Glossy. Deep red with a magenta rim. Varietal berried fruits laden with a spray of exotic spices from afar. Scents of red apple skin (Fuji,Pink Lady) and cold cured meats propelled … yes, an unusual pairing. French oak makes a late appearance … a sesame/tahini guise, not that of cedar. The palate is plush, plummy, persuasive. Convincingly Barossa by birthright and Penfolds by style: blueberry/plummy fruits avec juniper; custom-built, trademark rich mid-palate. Charcuterie, cold (Polish)meat artefact that may well be Shiraz fruit-derived; moreover, peat/coal dust undertones that have,without doubt, been acquired courtesy of the oak and time. Tannins and a buoyant and balancedacidity court a long and persistent finish.

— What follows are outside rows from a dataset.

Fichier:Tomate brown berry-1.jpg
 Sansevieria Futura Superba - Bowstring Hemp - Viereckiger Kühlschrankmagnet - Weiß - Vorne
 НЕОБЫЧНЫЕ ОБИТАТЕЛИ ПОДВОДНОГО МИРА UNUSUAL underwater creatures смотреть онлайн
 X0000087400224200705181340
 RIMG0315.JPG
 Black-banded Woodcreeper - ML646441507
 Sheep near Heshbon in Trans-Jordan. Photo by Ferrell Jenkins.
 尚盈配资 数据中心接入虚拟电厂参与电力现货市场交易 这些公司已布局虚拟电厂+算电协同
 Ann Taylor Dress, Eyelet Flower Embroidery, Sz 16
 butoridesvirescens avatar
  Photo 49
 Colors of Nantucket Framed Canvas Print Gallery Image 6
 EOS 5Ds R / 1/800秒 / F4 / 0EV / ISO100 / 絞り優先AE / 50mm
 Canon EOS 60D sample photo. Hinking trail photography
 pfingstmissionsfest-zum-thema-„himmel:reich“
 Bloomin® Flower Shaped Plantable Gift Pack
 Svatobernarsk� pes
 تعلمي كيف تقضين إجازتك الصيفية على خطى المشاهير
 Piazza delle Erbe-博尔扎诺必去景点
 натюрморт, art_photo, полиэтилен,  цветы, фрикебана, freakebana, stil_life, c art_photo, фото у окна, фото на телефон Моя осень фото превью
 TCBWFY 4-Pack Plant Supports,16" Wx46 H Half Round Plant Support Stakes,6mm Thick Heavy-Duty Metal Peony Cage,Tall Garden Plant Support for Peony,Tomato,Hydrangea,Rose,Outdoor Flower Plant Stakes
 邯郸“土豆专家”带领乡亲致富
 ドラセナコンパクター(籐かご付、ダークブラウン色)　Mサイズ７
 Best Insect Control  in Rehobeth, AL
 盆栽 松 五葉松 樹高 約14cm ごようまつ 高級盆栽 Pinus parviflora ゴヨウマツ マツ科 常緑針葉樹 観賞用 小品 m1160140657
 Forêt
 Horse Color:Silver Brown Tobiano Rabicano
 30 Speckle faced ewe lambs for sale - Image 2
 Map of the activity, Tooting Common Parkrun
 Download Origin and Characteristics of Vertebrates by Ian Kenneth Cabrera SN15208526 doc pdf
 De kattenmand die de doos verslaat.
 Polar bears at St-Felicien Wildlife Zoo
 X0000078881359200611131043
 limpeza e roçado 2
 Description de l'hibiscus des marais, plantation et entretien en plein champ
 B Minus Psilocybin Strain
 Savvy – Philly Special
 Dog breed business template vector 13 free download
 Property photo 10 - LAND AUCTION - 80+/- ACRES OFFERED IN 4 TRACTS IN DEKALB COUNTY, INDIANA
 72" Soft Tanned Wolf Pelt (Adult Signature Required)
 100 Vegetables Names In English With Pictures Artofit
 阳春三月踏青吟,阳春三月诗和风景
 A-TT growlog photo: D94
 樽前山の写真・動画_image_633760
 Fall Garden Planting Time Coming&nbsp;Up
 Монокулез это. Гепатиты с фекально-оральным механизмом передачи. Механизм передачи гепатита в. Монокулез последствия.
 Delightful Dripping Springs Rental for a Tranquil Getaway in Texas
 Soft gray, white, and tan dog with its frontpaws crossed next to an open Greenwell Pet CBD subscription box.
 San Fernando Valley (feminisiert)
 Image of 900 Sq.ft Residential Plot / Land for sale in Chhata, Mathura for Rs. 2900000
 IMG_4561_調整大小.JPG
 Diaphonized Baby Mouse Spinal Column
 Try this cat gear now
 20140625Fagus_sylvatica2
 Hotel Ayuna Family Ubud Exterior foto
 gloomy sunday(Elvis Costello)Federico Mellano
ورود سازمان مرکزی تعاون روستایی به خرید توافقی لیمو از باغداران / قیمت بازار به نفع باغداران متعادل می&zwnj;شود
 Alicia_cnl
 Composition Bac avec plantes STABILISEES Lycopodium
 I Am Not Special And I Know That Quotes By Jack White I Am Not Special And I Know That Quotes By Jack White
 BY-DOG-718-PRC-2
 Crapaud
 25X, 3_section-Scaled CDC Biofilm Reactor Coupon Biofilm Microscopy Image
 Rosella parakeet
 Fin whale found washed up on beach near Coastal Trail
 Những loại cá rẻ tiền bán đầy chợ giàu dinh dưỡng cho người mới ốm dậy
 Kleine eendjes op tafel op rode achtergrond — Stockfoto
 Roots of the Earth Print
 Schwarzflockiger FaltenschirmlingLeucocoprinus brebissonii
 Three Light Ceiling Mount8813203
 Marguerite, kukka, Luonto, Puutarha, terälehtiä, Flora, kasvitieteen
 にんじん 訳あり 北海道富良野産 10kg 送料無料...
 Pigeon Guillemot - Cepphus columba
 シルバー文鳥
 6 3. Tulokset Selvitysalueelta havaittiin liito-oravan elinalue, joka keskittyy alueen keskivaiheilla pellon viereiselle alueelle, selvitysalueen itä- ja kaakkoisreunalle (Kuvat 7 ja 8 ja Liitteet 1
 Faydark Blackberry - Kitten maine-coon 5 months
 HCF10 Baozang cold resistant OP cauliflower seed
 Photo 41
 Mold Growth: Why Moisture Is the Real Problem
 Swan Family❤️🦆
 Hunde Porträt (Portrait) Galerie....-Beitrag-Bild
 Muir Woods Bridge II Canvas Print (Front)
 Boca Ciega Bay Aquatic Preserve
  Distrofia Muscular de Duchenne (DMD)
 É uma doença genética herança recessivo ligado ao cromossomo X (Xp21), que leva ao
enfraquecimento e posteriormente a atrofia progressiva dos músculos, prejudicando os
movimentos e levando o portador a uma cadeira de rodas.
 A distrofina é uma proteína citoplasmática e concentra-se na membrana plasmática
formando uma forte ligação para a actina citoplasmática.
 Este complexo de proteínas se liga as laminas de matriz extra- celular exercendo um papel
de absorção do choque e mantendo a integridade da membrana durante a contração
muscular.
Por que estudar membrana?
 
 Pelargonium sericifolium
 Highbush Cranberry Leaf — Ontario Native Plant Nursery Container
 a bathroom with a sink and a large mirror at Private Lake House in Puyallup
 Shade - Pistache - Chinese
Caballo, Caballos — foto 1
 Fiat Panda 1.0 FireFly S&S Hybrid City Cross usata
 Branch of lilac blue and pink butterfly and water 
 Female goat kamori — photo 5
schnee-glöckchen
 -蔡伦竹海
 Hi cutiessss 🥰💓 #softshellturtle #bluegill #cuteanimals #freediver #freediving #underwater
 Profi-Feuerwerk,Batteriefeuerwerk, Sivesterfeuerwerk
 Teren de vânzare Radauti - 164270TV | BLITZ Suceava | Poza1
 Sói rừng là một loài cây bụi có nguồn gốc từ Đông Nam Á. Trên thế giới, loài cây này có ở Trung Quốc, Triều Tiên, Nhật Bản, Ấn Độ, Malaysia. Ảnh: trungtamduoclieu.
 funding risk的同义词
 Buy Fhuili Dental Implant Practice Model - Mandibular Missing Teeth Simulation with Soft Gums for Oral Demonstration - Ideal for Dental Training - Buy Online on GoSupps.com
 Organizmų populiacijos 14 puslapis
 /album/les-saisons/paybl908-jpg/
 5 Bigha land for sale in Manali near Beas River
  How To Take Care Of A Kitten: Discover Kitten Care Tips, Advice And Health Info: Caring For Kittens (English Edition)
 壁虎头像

Braised guinea fowl, house cured pancetta, Dutch creams and native thyme (Magill Estate Restaurant).

Critical Acclaim

All Vintages
WE 96
Wine Enthusiast
RWT (unromantically derived from “Red Wine Trial”) is 100% Barossa Valley Shiraz, aged in 100% French oak. In some vintages, like this one, the combination is incredibly sumptuous, offering layers of blueberry and blackberry fruit intermingled elegantly with hints of French vanilla. It’s long, subtle and complex on the finish—a stunning effort. It’s approachable now, but should age well through 2030 or so.
WS 91
Wine Spectator
Dark and dense, with firm tannins around a juicy core of black cherry and spice flavors. This lingers well on the finish.
W&S 90
Wine & Spirits
Grange-level fruit aged in new French oak, RWT is a big, bosomy Barossa shiraz in 2009, huge, warm and gamey. There's dark meatiness and cedary spice over the wine's blueberry and cherry richness. All baby fat for now, this may grow more structured and detailed with age.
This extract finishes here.